The blurb of this book is a short hand-written note by the artist. It ends by saying: ‘It will bring you good luck and help you do sex better.’
That’s exactly the kind of schoolboy humour – from the biro of a white, 57-year-old man who was educated at Dulwich College with Nigel Farage – that might put a Peace News reader right off.
But I recommend that you put your prejudices aside, turn the book over and have a leaf through the pages, which document over 30 years of funny, thought-provoking and revolutionary visual art.
Deller won the Turner Prize in 2004 with a film about (then) US president George Bush’s Texas, which included footage of his supporters and opponents.
Previous art projects included commissioning a traditional brass band to play acid house anthems and co-ordinating a historic re-enactment of the Battle of Orgreave – the brutal 1984 confrontation between police and striking miners outside a coking plant near Sheffield.
More recently, Deller was commissioned to produce a piece of public art to commemorate the First World War. The resulting work involved co-ordinating a nationwide ‘flash mob’ of people dressed as soldiers from the time.
Deller takes conceptual art as a starting point and then collaborates with people to achieve his wild imaginings. He has worked with gardeners in Germany, Depeche Mode fans in Russia, steel bands and banner-makers in the UK and he once toured the US with the wreck of a car mangled by a bomb in a Baghdad marketplace.

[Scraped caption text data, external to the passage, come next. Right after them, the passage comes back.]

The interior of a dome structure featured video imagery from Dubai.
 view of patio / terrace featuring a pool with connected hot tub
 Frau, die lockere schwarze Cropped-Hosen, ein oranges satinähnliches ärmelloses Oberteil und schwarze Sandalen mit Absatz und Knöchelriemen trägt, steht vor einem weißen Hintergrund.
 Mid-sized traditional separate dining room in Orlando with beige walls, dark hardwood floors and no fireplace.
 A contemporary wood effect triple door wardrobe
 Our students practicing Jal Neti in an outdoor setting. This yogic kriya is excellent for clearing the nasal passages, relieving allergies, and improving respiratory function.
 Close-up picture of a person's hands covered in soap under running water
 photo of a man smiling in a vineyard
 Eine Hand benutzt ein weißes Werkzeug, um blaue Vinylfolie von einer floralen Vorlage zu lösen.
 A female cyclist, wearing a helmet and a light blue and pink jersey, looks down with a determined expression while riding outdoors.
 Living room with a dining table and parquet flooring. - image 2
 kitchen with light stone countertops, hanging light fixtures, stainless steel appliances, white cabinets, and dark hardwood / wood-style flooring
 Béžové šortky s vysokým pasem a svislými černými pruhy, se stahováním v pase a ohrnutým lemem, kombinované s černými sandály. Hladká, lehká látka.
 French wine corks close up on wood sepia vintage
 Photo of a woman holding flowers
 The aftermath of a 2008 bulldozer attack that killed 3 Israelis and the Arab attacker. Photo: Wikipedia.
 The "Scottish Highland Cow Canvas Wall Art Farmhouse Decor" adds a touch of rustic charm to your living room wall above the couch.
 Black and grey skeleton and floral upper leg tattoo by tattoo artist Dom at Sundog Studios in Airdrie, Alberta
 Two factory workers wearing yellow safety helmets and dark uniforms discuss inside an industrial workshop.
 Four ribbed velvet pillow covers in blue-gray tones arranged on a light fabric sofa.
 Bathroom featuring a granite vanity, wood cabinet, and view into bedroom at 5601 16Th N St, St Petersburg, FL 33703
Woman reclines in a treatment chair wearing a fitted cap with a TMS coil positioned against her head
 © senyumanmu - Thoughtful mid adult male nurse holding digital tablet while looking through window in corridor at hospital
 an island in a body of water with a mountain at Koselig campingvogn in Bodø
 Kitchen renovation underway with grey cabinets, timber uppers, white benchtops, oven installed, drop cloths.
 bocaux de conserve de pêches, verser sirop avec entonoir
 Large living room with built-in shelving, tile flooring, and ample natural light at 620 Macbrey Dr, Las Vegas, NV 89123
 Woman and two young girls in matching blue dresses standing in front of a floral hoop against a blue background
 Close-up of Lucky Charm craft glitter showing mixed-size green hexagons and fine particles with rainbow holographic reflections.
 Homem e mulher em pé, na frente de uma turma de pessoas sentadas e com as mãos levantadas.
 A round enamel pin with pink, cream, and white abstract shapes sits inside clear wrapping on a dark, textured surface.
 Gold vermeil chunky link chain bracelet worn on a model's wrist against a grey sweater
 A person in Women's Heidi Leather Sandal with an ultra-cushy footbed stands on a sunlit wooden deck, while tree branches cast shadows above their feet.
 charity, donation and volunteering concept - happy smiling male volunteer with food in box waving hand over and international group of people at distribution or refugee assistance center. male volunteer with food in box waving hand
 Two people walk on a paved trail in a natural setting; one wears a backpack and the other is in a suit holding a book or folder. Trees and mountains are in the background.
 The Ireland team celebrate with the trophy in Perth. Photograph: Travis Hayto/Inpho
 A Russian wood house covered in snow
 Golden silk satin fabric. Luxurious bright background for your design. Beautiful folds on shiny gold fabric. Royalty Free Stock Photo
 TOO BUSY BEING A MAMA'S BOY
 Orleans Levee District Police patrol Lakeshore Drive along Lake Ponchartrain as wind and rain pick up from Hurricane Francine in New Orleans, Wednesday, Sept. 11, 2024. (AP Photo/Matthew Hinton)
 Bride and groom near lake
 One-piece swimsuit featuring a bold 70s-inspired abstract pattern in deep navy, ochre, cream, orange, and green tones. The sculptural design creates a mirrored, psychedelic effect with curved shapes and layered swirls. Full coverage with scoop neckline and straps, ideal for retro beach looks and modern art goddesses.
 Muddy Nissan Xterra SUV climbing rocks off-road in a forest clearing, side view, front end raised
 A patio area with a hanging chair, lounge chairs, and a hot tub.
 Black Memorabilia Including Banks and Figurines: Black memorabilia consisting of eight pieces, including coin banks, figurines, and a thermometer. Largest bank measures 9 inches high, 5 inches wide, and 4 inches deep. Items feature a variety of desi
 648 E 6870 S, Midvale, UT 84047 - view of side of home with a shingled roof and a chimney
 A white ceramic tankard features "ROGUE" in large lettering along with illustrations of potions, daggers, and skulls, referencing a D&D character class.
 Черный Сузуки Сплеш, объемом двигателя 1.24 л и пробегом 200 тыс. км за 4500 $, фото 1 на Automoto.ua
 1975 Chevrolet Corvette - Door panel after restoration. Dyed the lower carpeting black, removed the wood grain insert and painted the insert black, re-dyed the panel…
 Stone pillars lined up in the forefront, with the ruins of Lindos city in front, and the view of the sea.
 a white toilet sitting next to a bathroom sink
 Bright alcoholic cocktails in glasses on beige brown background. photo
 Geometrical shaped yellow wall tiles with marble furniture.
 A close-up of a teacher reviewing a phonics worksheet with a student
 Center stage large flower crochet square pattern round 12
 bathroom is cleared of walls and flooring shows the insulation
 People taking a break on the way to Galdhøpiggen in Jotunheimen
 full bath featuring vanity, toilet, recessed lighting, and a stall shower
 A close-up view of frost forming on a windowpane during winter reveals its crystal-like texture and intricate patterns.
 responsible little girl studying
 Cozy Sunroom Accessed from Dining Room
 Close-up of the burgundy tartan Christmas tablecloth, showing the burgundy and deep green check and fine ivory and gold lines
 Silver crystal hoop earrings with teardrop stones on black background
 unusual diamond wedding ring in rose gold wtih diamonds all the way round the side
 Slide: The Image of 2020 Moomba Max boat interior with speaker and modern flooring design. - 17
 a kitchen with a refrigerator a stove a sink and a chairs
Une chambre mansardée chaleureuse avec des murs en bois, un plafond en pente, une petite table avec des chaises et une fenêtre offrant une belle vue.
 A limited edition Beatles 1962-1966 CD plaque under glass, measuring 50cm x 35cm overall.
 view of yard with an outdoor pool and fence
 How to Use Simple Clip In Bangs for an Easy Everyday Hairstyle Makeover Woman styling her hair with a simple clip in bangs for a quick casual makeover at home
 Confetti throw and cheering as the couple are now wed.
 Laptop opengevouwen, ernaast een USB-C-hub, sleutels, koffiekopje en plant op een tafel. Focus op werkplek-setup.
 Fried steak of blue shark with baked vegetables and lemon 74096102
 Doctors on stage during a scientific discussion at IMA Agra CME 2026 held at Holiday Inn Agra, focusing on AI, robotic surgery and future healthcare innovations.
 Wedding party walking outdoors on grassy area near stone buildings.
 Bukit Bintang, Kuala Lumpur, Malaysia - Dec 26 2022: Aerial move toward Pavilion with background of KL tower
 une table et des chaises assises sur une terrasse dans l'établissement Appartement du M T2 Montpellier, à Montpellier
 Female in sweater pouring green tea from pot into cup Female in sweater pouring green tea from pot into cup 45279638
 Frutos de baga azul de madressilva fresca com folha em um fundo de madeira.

The latter project was intended to provoke conversations about war. The car was accompanied by an Iraqi who had recently been granted asylum in the US and by a military reservist who had recently fought in Iraq.
‘Because the project was under the auspices of a cultural organisation, we were seen as relatively neutral, which was essential. In a sense, we were taking a relic around, a sacred reminder of death,’ Deller writes.
For his 2019 film, Putin’s Happy, he documented a Brexit protest in Parliament Square in Central London.
Deller is a small man and the film-maker he worked with was even shorter: ‘Together we comprised a non-threatening presence…. Some people were quite happy to be filmed being overtly anti-semitic. This was a real thread running through the conversations; as was the Second World War and the sacrifice of soldiers’ lives being squandered.’
The design of the book is unconventional and engaging – like a luxurious hand-made zine or a comic book annual.
I particularly enjoyed the accompanying conversations and interviews – especially the dialogue between Deller and Mary Beard in response to the toppling of the Colston statue in Bristol. There is also a quiz, where you are challenged to guess whether quotes belong to William Morris or Andy Warhol.
It’s a good example of how Deller finds unlikely connections – between brass bands and acid house, for instance.
Deller’s work is often joyful – including the life-size inflatable Stonehenge which was commissioned for the 2012 Olympics and which has toured internationally.
His work celebrates British history and folk culture and, despite his privileged early life, his worldview is egalitarian and inclusive.
Deller studied art history rather than fine art, and this informs his work. For many of his projects, his palette is people and I enjoyed the way he embraces collaboration rather than manipulation in order to achieve his vision. This book allows you to peer into the mind of an innovative 21st-century artist.